Description of the task: Could you restate word for word only the lines below from the one holding "Bareskin Raw Thin" to the one holding "Kerstboom met rode", inclusive, and leave out the pictures?

Records supplied Block Start

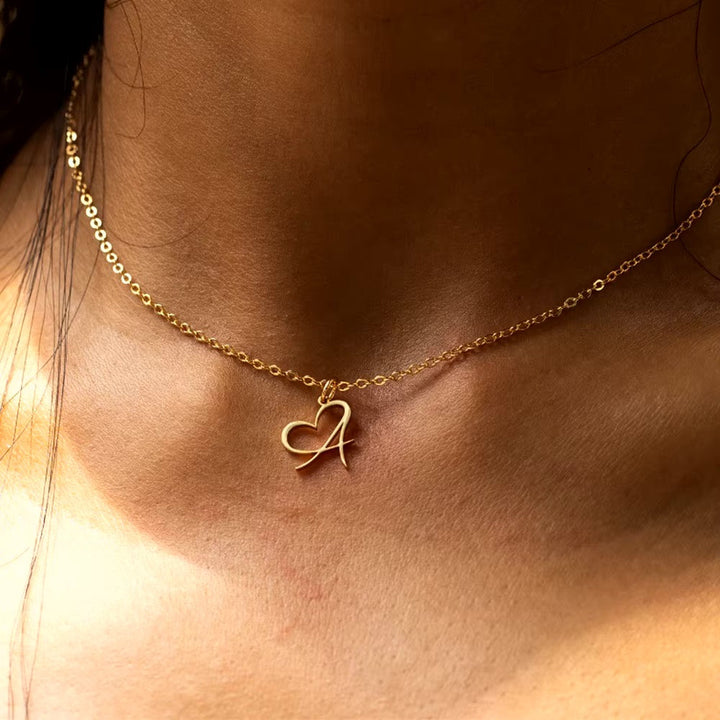 Saphira - Dainty Heart Letter Initial Necklace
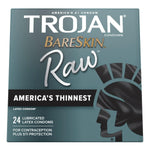 Bareskin Raw Thin Condoms 24 Count With Raw Non-Latex Lubricated Pure Feel Condoms 10Ct
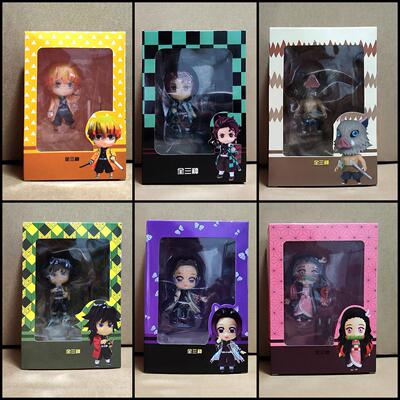 鬼灭之刃 可动 炭治郎 祢豆子 我妻善逸 富岗义勇 Q版 粘土人手办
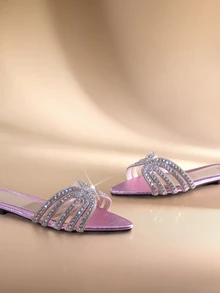 Etoivie Rhinestone Pointed Toe Slip-On Slippers, Shiny New H-Shaped Flat Sandals For Women,  Halloween - Pink - View 4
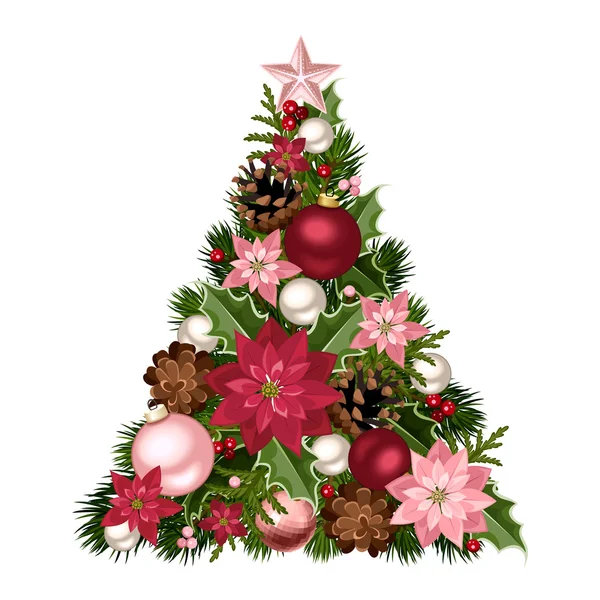 Kerstboom met rode en roze decoraties. Vectorillustratie. — Stockvector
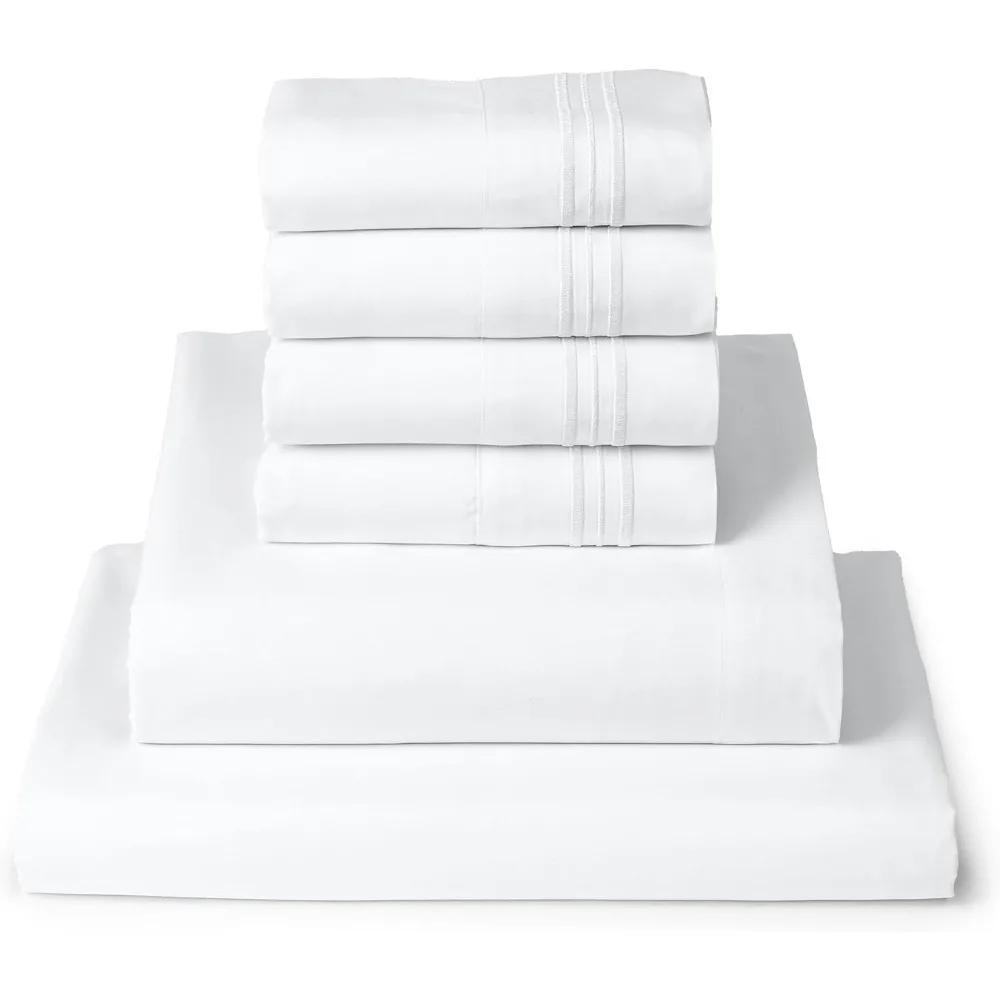 Mellanni King Sheet Set - 6-Piece Iconic Collection Bedding, (Including 4 Pillowcases), 16-Inch Deep Pocket, Easy Care, Extra So
Mellanni King Sheet Set - 6-Piece Iconic Collection Bedding, (Including 4 Pillowcases), 16-Inch Deep Pocket, Easy Care, Extra So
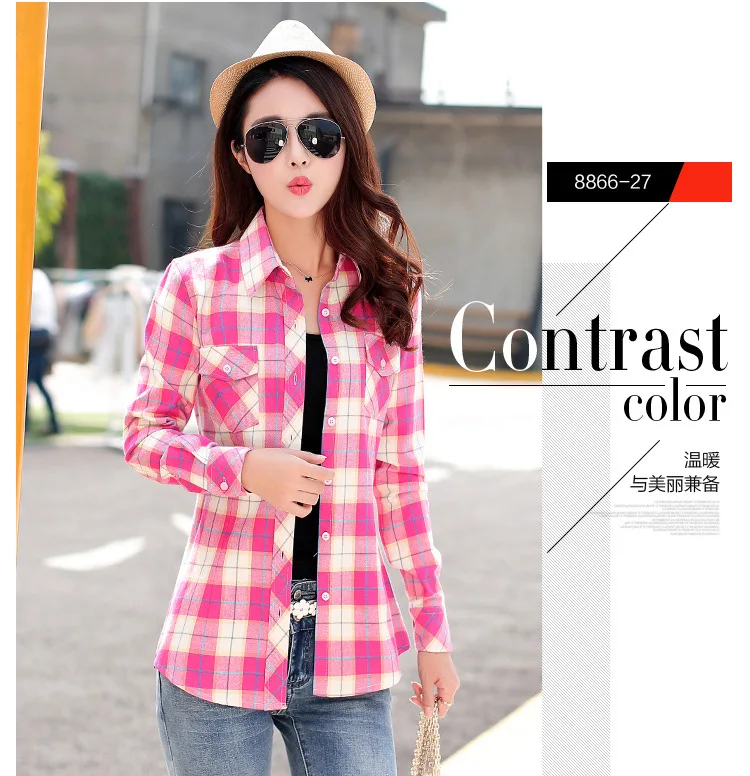 Blusa xadrez de flanela feminina, camisa casual
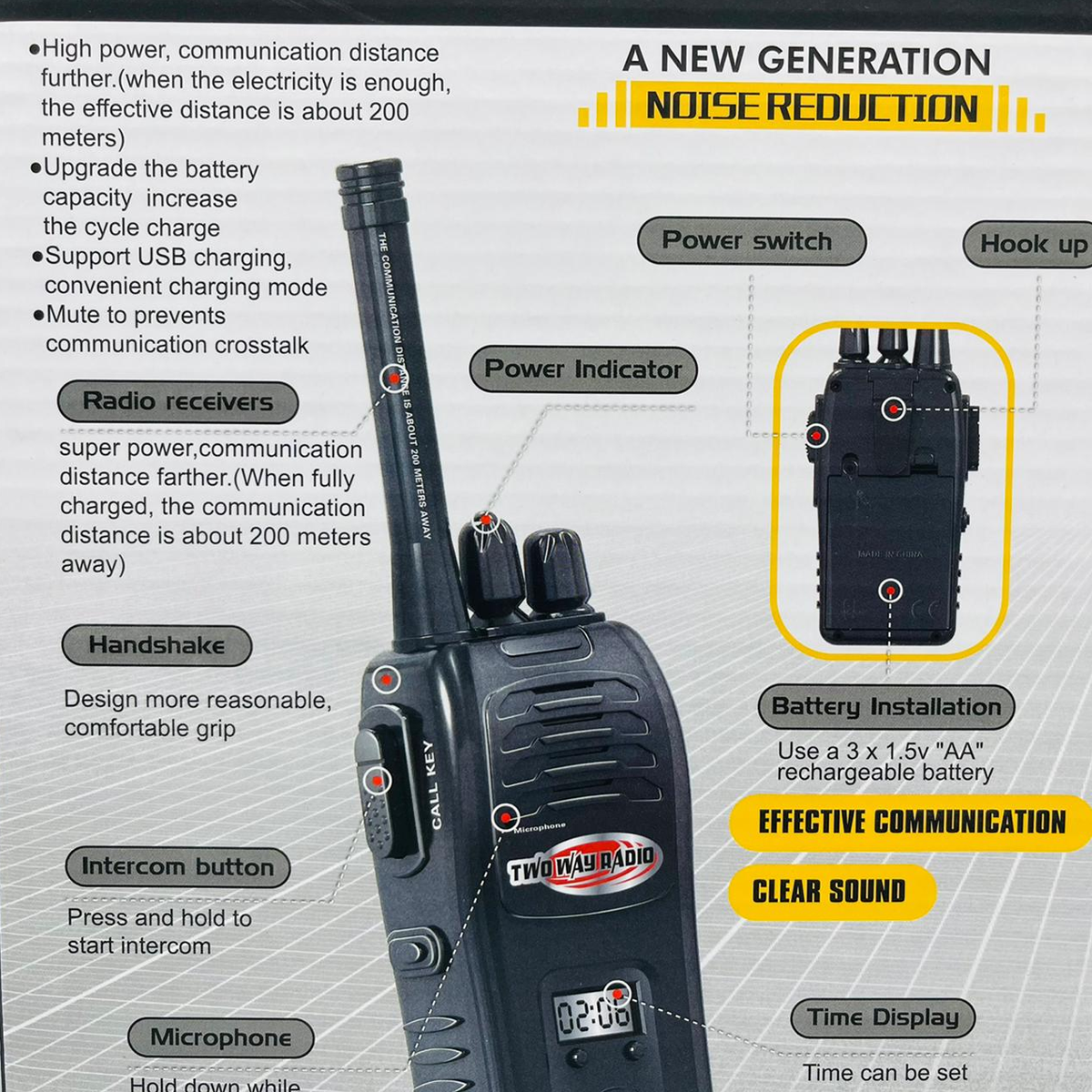 2PCS Wireless Walkie Talkie-two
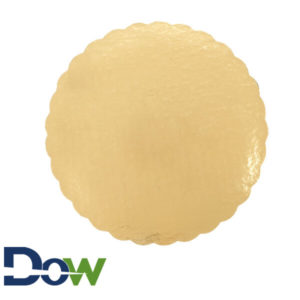 18" Scallop Edge Cake Circle Gold Laminated Corrugated - 50/Case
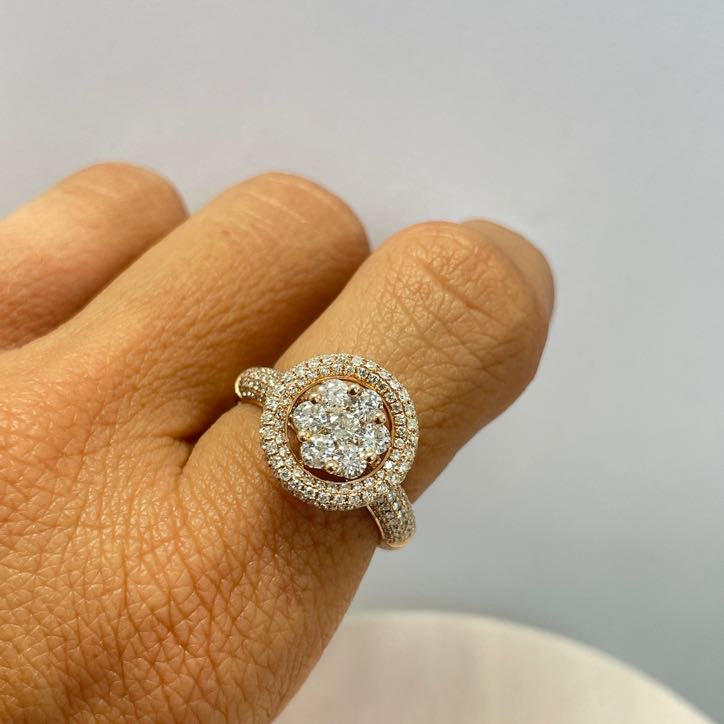 טבעת יהלומים טבעיים 1.10 קראט צבע F ניקיון VS-SI זהב 14K רוז גולד מק״ט 576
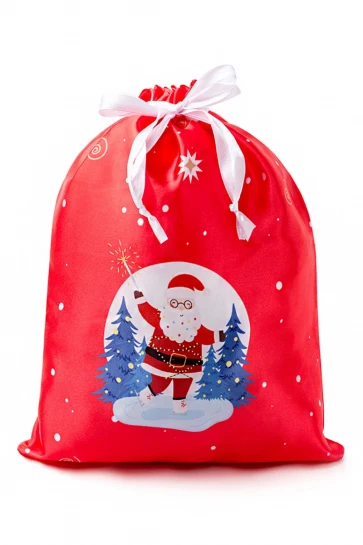 Упаковка "Мешок Дед мороз" сатин фото 1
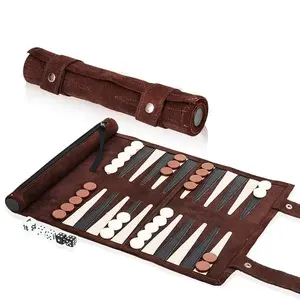 Draagbare Rol Lederen Materiaal Backgammon Reisset Met Map Spel Schaakbord Voor Reizen Buiten Of Familie Feest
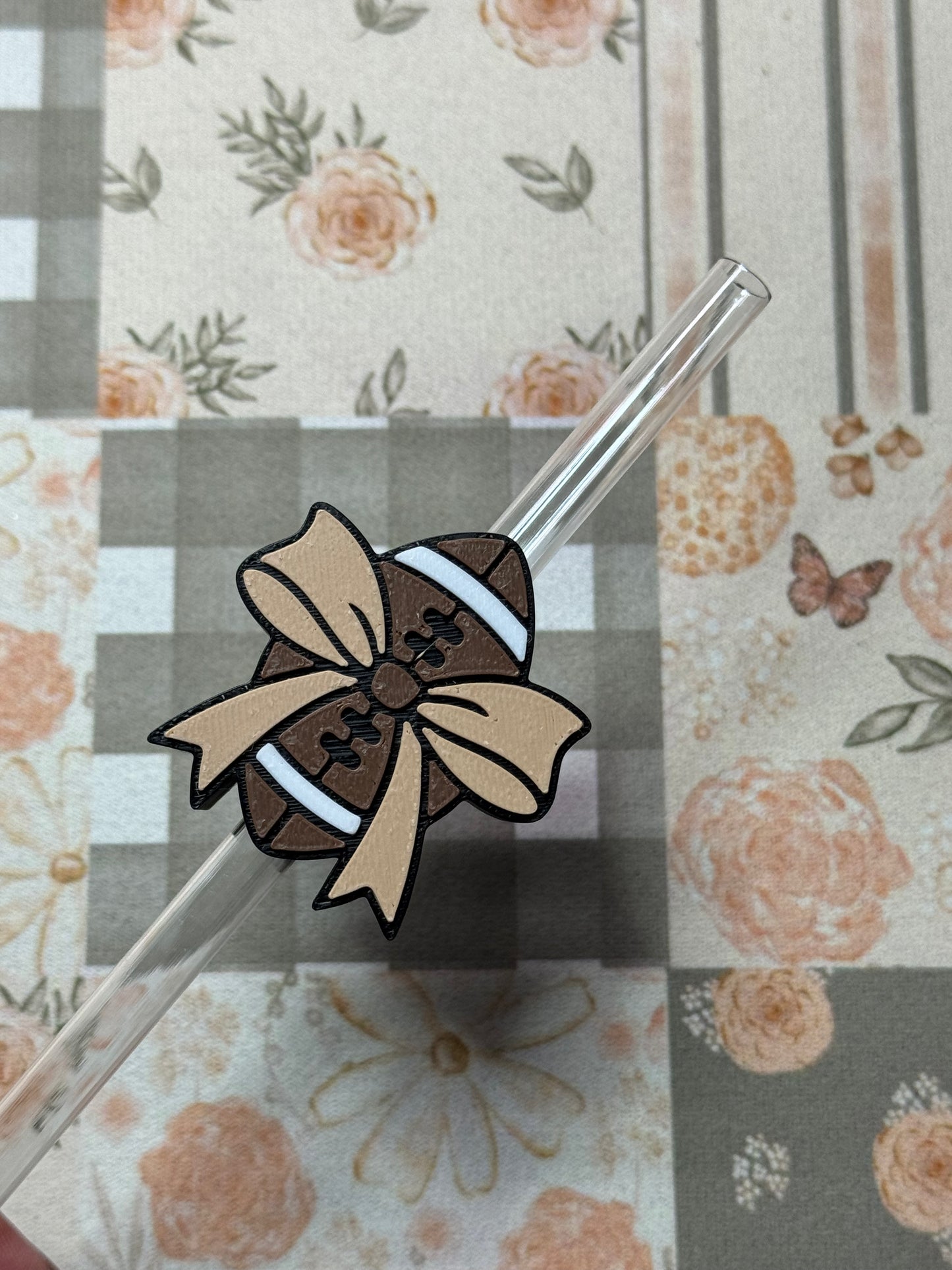 Bow Football Straw Topper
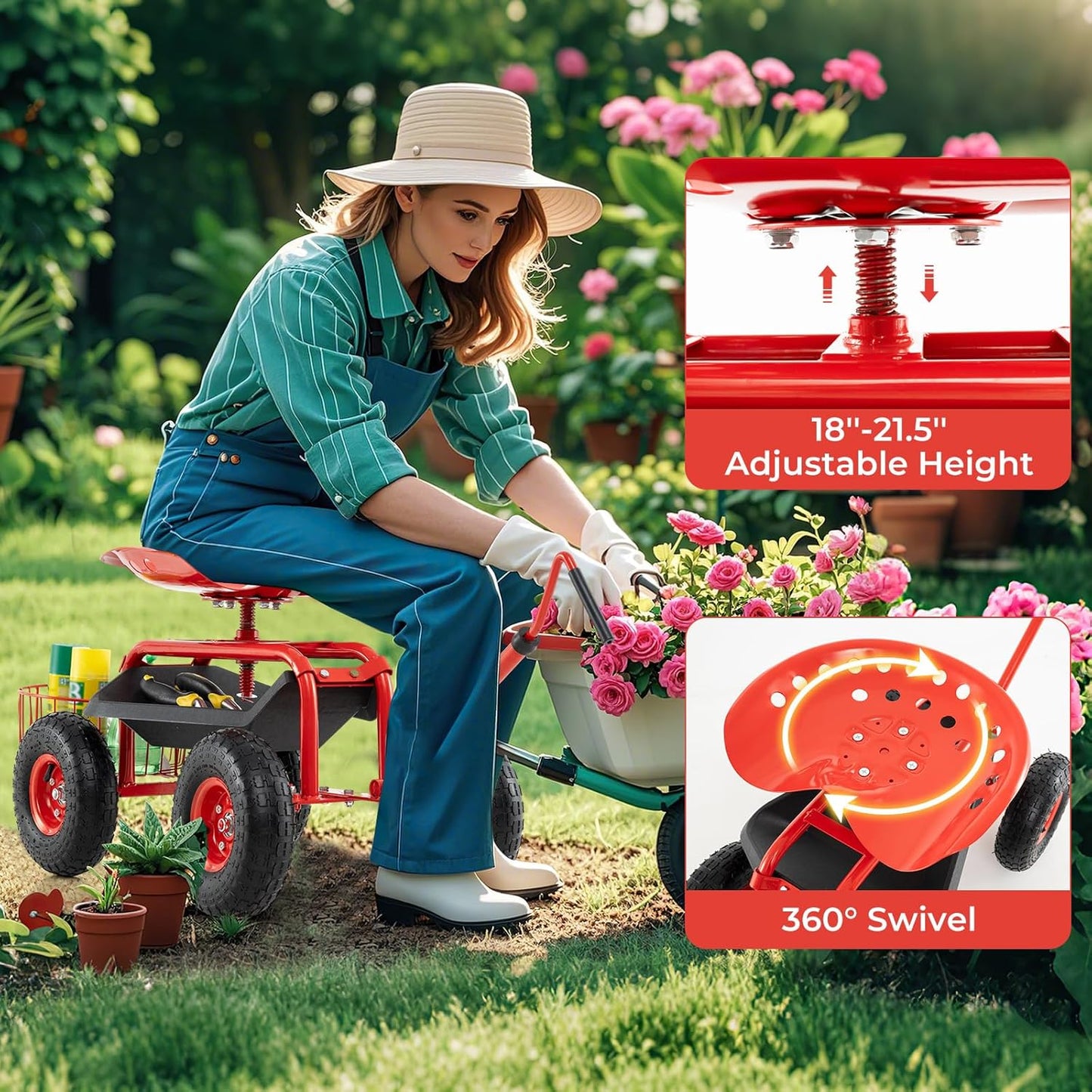Rolling Garden Seat, Garden Stool with Wheels, Extendable Handle, Storage Basket & Tool Tray, Garden Scooter with 360 Degree Swivel Seat for Outdoor, Garden & Yard (Red)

Records supplied Block End

Exercise output:
 Bareskin Raw Thin Condoms 24 Count With Raw Non-Latex Lubricated Pure Feel Condoms 10Ct
 鬼灭之刃 可动 炭治郎 祢豆子 我妻善逸 富岗义勇 Q版 粘土人手办
 Etoivie Rhinestone Pointed Toe Slip-On Slippers, Shiny New H-Shaped Flat Sandals For Women,  Halloween - Pink - View 4
 Kerstboom met rode en roze decoraties. Vectorillustratie. — Stockvector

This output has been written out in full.